══ SUPPLIED MATERIAL
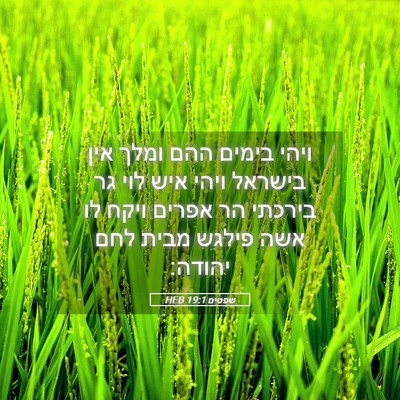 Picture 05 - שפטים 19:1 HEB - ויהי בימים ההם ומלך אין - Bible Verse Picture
════
══ SUPPLIED MATERIAL
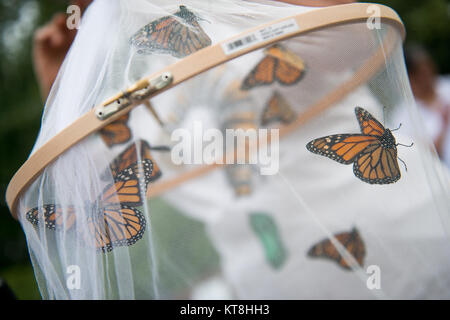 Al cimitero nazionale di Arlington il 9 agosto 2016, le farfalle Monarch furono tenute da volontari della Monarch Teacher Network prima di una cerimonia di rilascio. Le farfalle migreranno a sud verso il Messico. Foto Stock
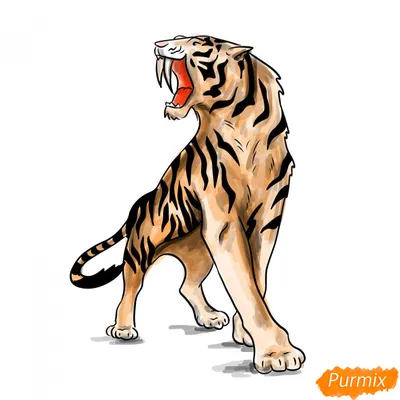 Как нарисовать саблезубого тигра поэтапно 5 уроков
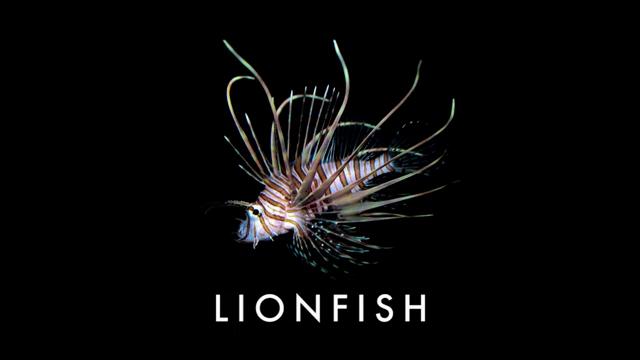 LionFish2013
════
══ SUPPLIED MATERIAL
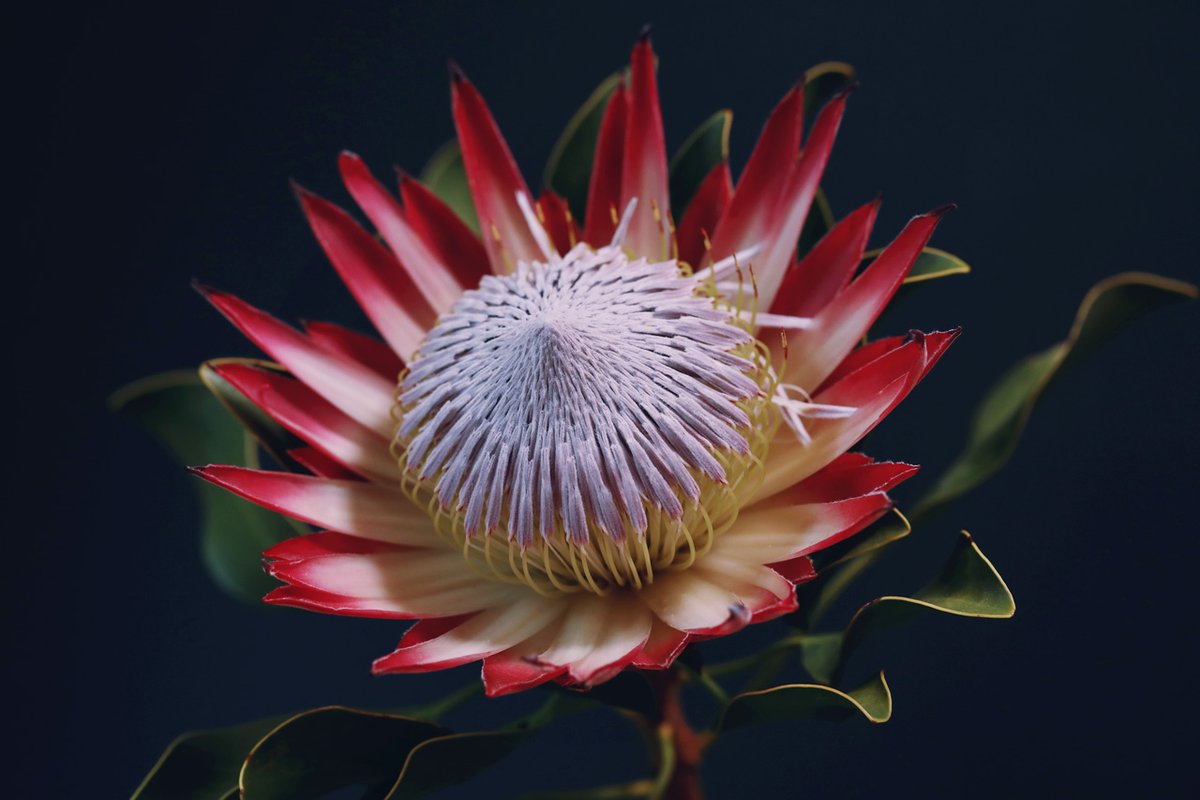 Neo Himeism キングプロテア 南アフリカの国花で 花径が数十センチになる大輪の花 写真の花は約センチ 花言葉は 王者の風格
════
_TASK REQUIREMENTS_.
Look above for the line containing "Как нарисовать саблезубого", then write out every line from there down to the line containing "LionFish2013", that line included, with no pictures.

_EXERCISE OUTPUT_.
 Как нарисовать саблезубого тигра поэтапно 5 уроков
 LionFish2013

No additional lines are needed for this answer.